The proposed mechanism of the prodrug for GSH was displayed by a two-step reaction: cleavage of the disulfide bond and intramolecular cyclization (Scheme 2).^31–33 MS and spectroscopic studies were used to verify the hypothesis. First, the spectra of compound 4 were consistent with that of the prodrug after the treatment with GSH, suggesting that compound 4 was the product (Fig. S2†). Furthermore, ESI-MS titration experiment was carried out to prove the anticipated release of vitamin D₂. The peaks at m/z of 279.07 and 435.35 were observed, which were attributed to [compound 4 + K]⁺ and [vitamin D₂ + K]⁺ (Fig. S3†). These results were indicative of the cleavage of the disulfide group and the production of fluorophore and vitamin D₂ in the sensing reaction.

Scheme 2 Proposed response mechanism of the prodrug for GSH.

2.5 Antitumor activity evaluation and live cell imaging

The prodrug displayed good biocompatibility to HEK 293T cells (Fig. S4†). Inspired by above results, we further investigated the practicability of the prodrug in biological systems by carrying out antitumor activity and bioimaging experiments. To determine the antitumor activity, vitamin D₂, compound 5 and prodrug were first incubated with HeLa cells and then evaluated by using typical MTT assays. Prodrug and vitamin D₂ showed similar antitumor activity against HeLa cell lines, while compound 5 showed low activity for living cells (Fig. 3). Then, the cellular uptake and intracellular localization of prodrug were investigated using a fluorescence microscope. When HeLa cells were incubated with the prodrug for 30 min, weak fluorescence from prodrug was observed, indicating that the prodrug was sufficiently activated by the high concentration of GSH in cancer cells. To demonstrate the role of the GSH presented in disulfide cleavage, additional 1.0 mM prodrug was added to HeLa cells and an enhanced fluorescence was observed (Fig. 4). These results were fully consistent with the design expectations and suggested that the prodrug can be used to monitor the drug release process in cancer cells.

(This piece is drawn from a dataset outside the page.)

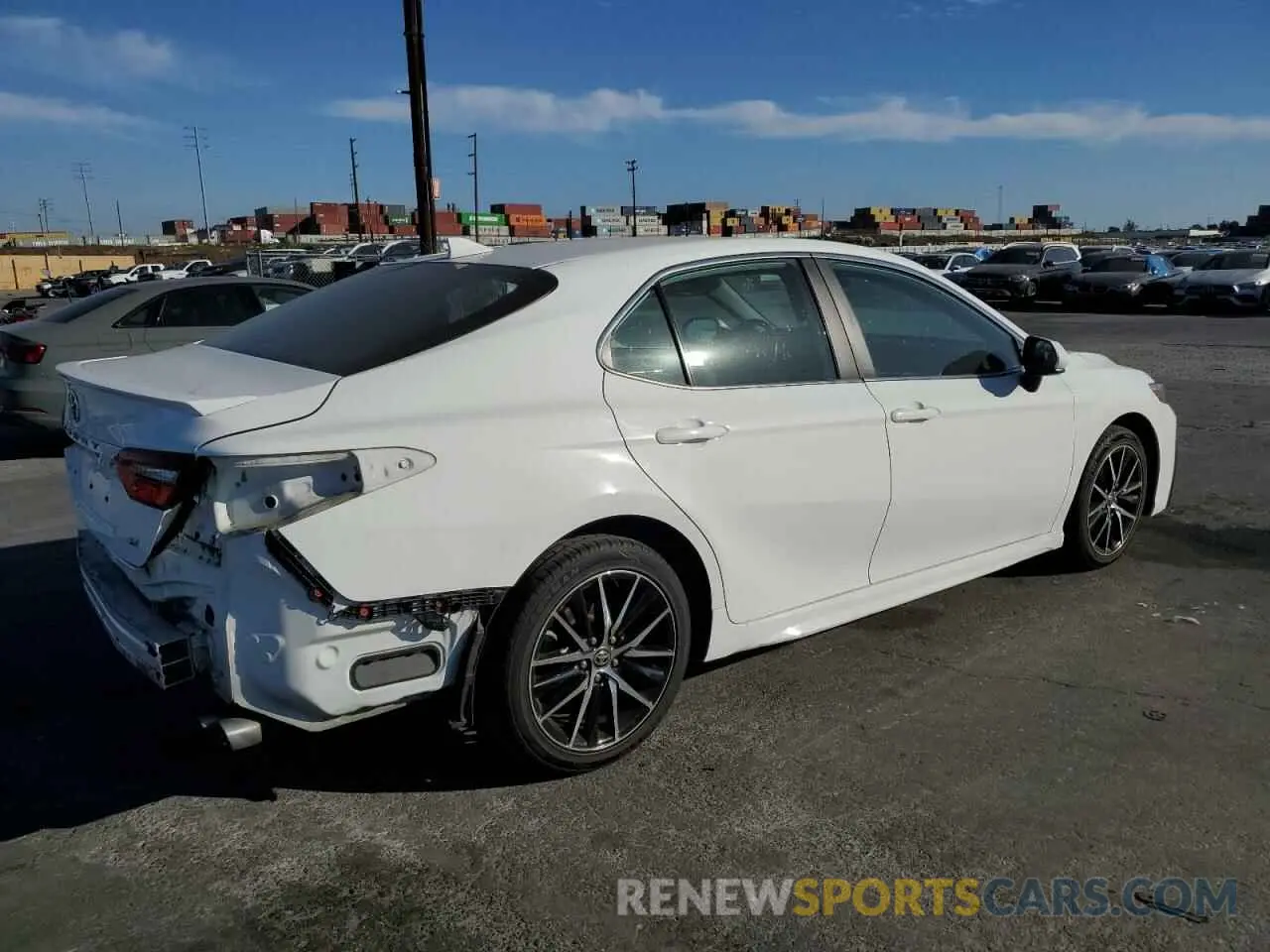 3 Фотография поврежденного автомобиля 4T1G11AKXMU444854 TOYOTA CAMRY 2021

Fig. 3 Antitumor activity of compound 5, vitamin D₂ and prodrug on HeLa cancer cells.

Fig. 4 The upside: images of HeLa cells incubated only with the prodrug (10 μM) for 30 min; (A) fluorescence image at the blue channel, (B) fluorescence image at the green channel, (C) bright-field image. The downside: images of HeLa cells incubated with GSH (1.0 mM) for 30 min, then treated with the prodrug (10 μM) for 30 min. (D) Fluorescence image at the blue channel, (E) fluorescence image at the green channel, (F) bright-field image.

3 Conclusion

In summary, we developed a novel theranostic prodrug by conjugating the naphthalimide chromophore and vitamin D₂ via a disulfide bond. This prodrug can discriminate GSH from a wide array of amino acids and ions. It also can be used to quantify GSH with a detection limit as low as 1.98 μM and rapid detection process for GSH within 30 min. In addition, this prodrug displayed similar antitumor activity with vitamin D₂ and can be used for intracellular fluorescence imaging. Overall, this prodrug can be used as a valuable research tool for GSH-activatable drug delivery system and can be easily monitored by cellular imaging.

4 Experimental procedures

4.1 Materials and apparatus

All chemical reagents and solvents were purchased from commercial suppliers and used without further purification. ¹H and ¹³C NMR spectra were obtained on Bruker Avance III 500 MHz spectrometer. HRMS spectra were obtained on a Bruker ApexII by means of the ESI technique. Absorption and fluorescence spectra were obtained on Lambda 35 UV-Vis spectrophotometer and a Shimadzu RF-5301PC Fluorescence Spectrometer, respectively. All titrations were carried out in PBS/DMSO solution (40 : 60, v/v, pH = 7.4).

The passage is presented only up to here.